Interessante também é notar que os entreveros que nascem do choque de interesses e na disputa de prestígio já não se dão apenas entre homens e partidos. São as próprias instituições que conflagram, numa altercação que nem faz concessões aos bons modos, primeira coisa que se poderia cobrar de pessoas que são parte dos poderes constituídos. A novidade mais recente, que se tornou algo extremamente delicado, foi quando o presidente da República informou, publicamente, que quase mergulhamos num impasse institucional na noite anterior, embora é sabido que problema desse vulto deixa de ser apenas um risco; para situação de tamanha gravidade basta que seja anunciado. Não há meio termo em crise institucional, assim como não há mulher mais ou menos grávida… Sem risco de cometer equívoco ou pessimismo em excesso, é preciso afirmar que somos contemporâneos de um quadro psicopatológico massificado, porque pelos poderes falam e decidem os que apreciam tumultuar as águas de um já bastante tumultuado oceano. Haveria outro diagnóstico?

Vive-se aos solavancos, que, como se observou, prosperam com pesadelos que levantam com a população. São apreensões sem preconceitos e sem preferências, democraticamente distribuídas entre riscos e pobres, venham eles de onde vierem, pensem o que pensarem. De tal forma que, quando se avalia o perfil dos principais atores do painel político, a virulência de suas palavras e de seus gestos, chega-se a temer que esteja a rondar o Planalto o projeto fatídico que aposta no caos, onde o objeto não é defender e preservar as instituições, mas condená-las à quarentena, sem que se saiba quando seria possível repatriá-las ao abrigo da Constituição; o risco de serem humilhadas as instituições; conviventes e reclusas com as multidões que se escondem do tormento virótico.
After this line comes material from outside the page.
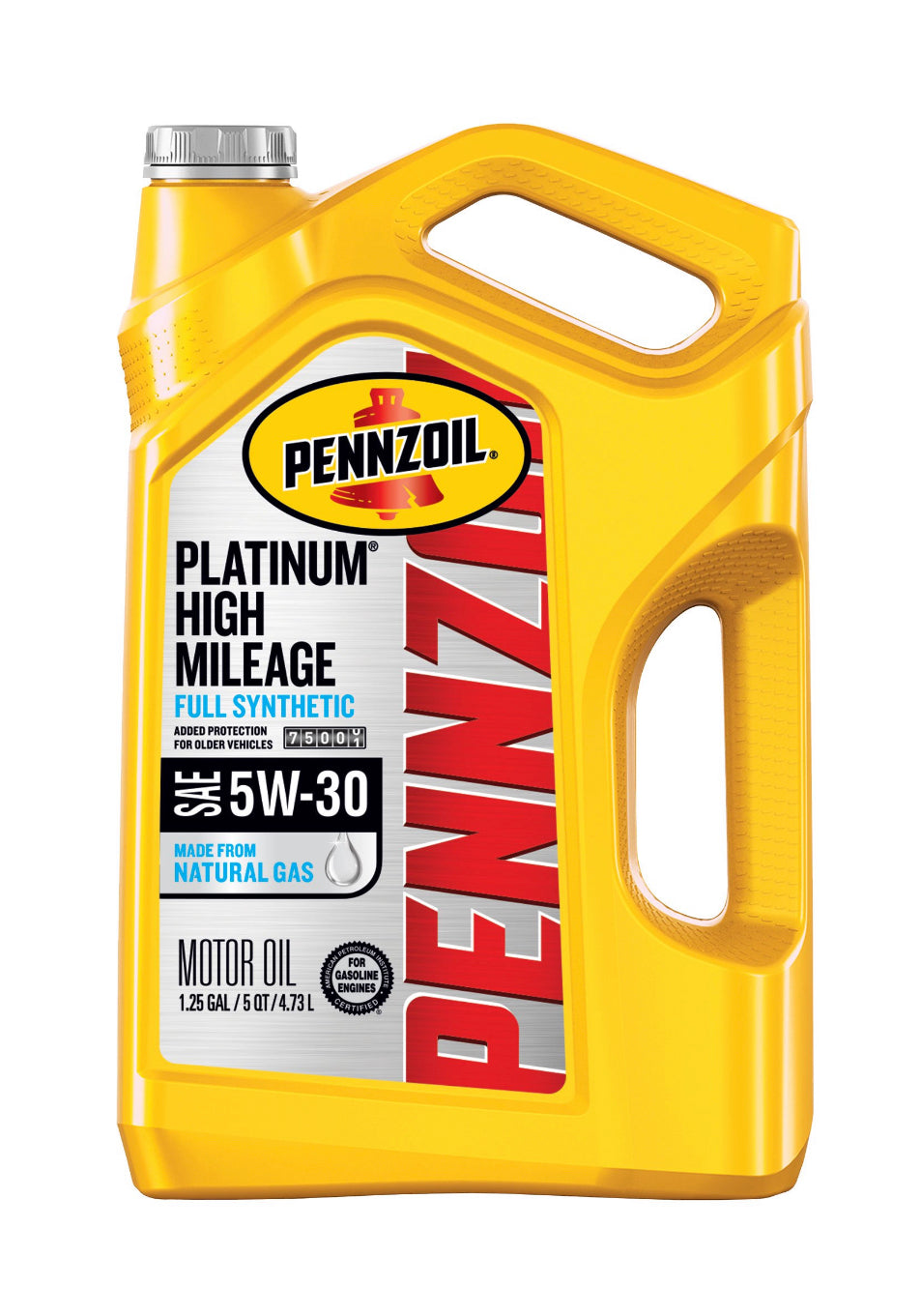 PENZZOIL PLATINUM HIGH MILEAGE FULL SYNTHETIC SAE 5W-30 5QT (3 pack)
Estas anotações talvez possam se justificar por obra de uma coincidência, pois hoje se comemora o Dia da Língua Portuguesa; e, por conseguinte, o momento para se refletir sobre o sagrado poder da palavra. Pois ela – a palavra - tem sido a arma a que lamentavelmente se recorre para a montagem do conflitos entre direita e esquerda; essa antítese que virou velharia e que nossos políticos não conseguem superar. Faz-se urgente retomar a essência das palavras; como, aliás, já defendia Castello, criador desta coluna, em abril de 1976, rebelando-se contra políticos que confundem o significado de oposição e contestação.

O sagrado exercício da palavra, o momento adequado em que é proferida, não pode ser relegado por homens que têm o dever de conduzir os destinos nacionais; a começa por quem cabe dar o exemplo - o presidente da República. Mas não há de ser mera preocupação semântica recomendada por assessores, mas fruto de temperamento mais cuidadoso a ser criado. Sem o diálogo produtivo serão vãs as esperanças de o país romper desafios.